- _Try it_
Transcribe all of the entries below exactly. Leave out the pictures.
The input below:
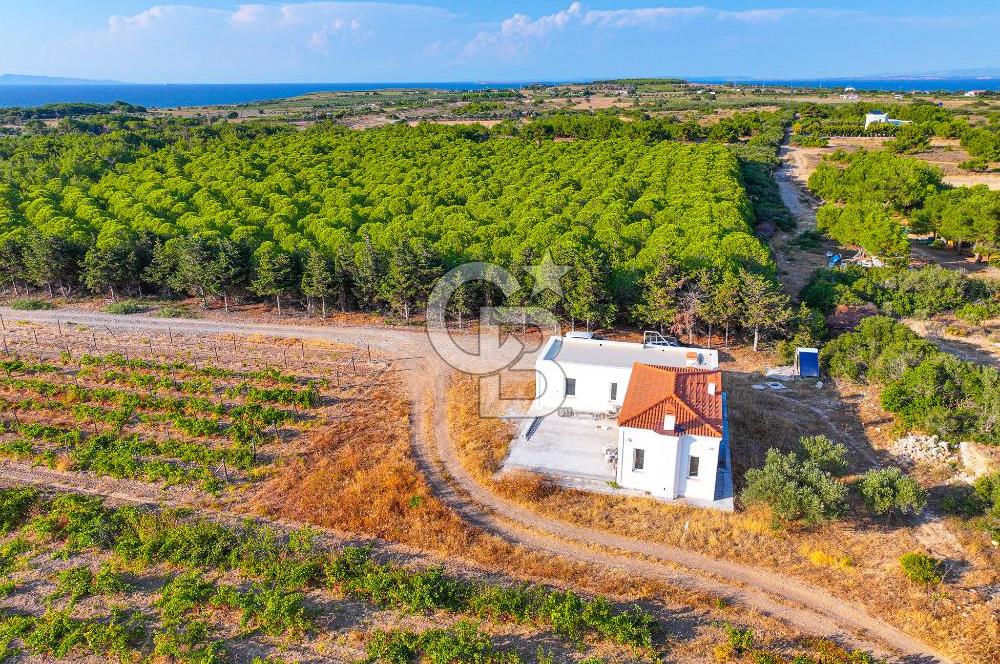 ÇANAKKALE BOZCAADA HABBELE MEVKİİ'NDE SATILIK BAĞ EVİ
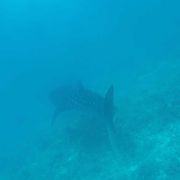 freiwilligenarbeit-malediven-erfahrungsbericht-kundenfotos-artenschutz-walhai-natucate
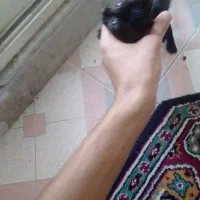 فروش گربه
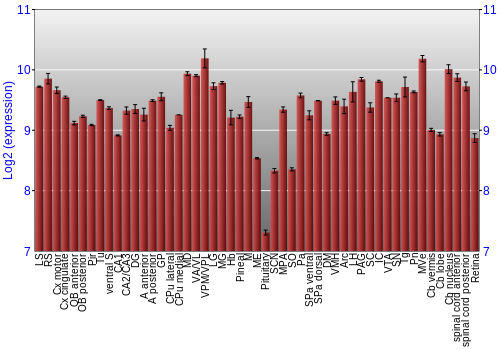 Expression graph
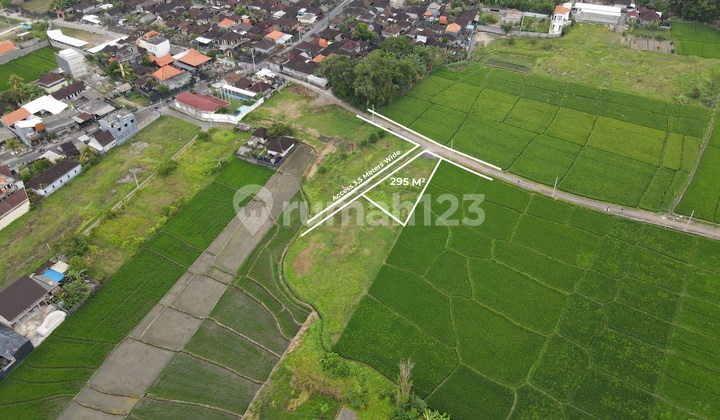 Freehold Land Plots in Kedungu - 5 Minutes to the Beach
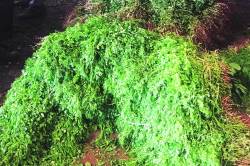 पालेभाज्या स्वस्त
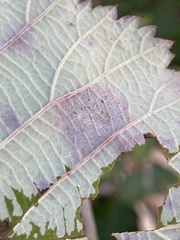 Sphaerulina westendorpii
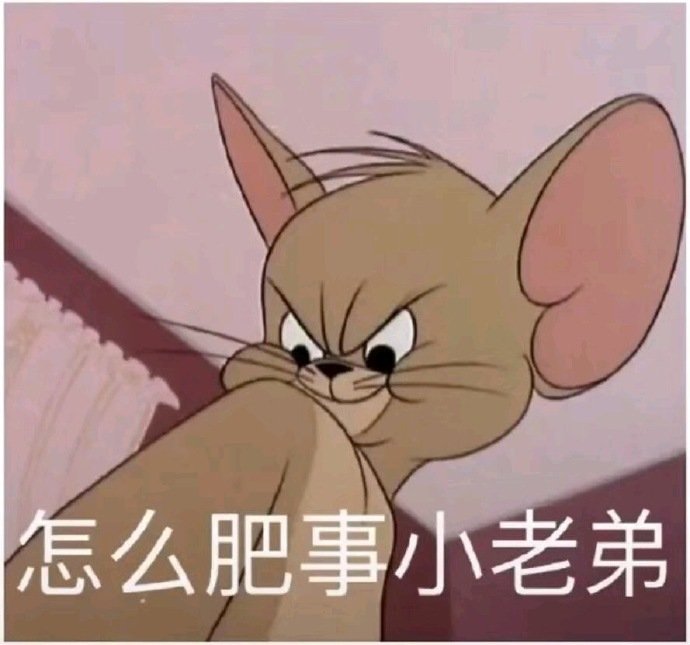 猫和老鼠表情包合集｜怎么肥事小老弟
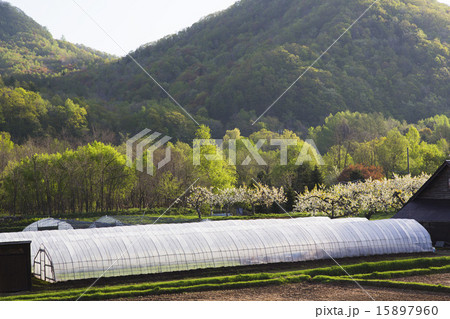 早春の農家 15897960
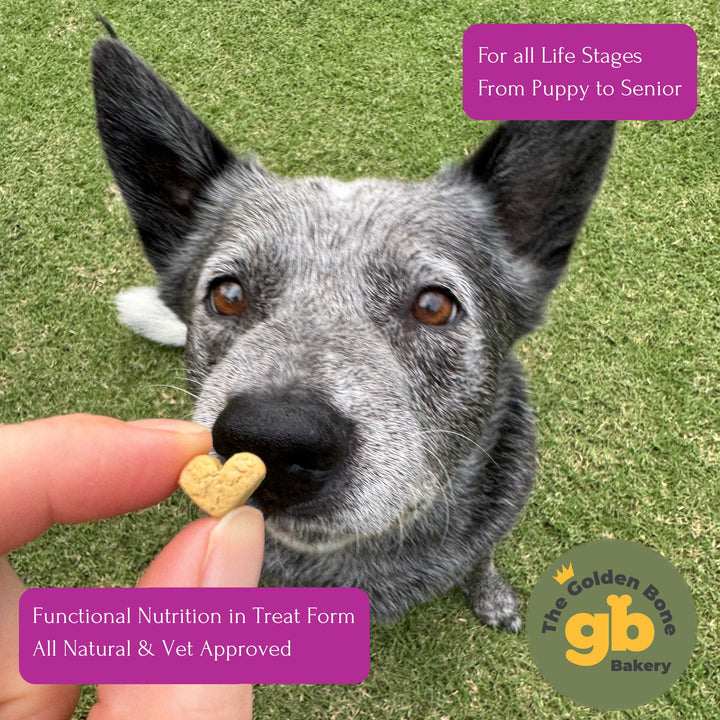 Australian Cattle Dog eagerly waiting for The Golden Bone Bakery 3 Flavour Party Mix vegan dog treat held by owner outdoors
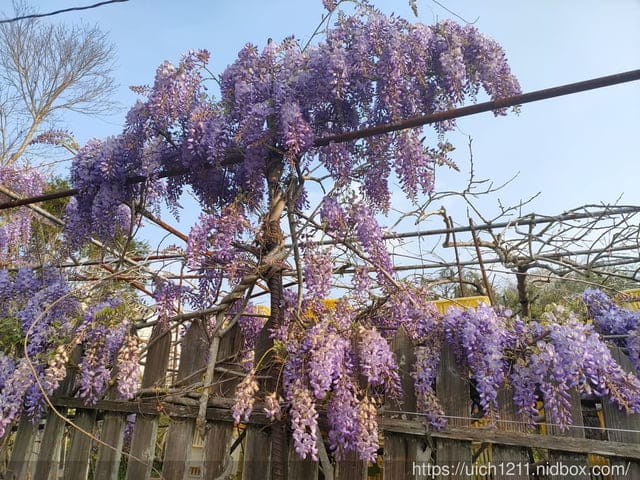 合歡爬山之旅 - 第39張圖 合歡爬山之旅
End of The input.
- _Solution for this task_
 ÇANAKKALE BOZCAADA HABBELE MEVKİİ'NDE SATILIK BAĞ EVİ
 freiwilligenarbeit-malediven-erfahrungsbericht-kundenfotos-artenschutz-walhai-natucate
 فروش گربه
 Expression graph
 Freehold Land Plots in Kedungu - 5 Minutes to the Beach
 पालेभाज्या स्वस्त
 Sphaerulina westendorpii
 猫和老鼠表情包合集｜怎么肥事小老弟
 早春の農家 15897960
 Australian Cattle Dog eagerly waiting for The Golden Bone Bakery 3 Flavour Party Mix vegan dog treat held by owner outdoors
 合歡爬山之旅 - 第39張圖 合歡爬山之旅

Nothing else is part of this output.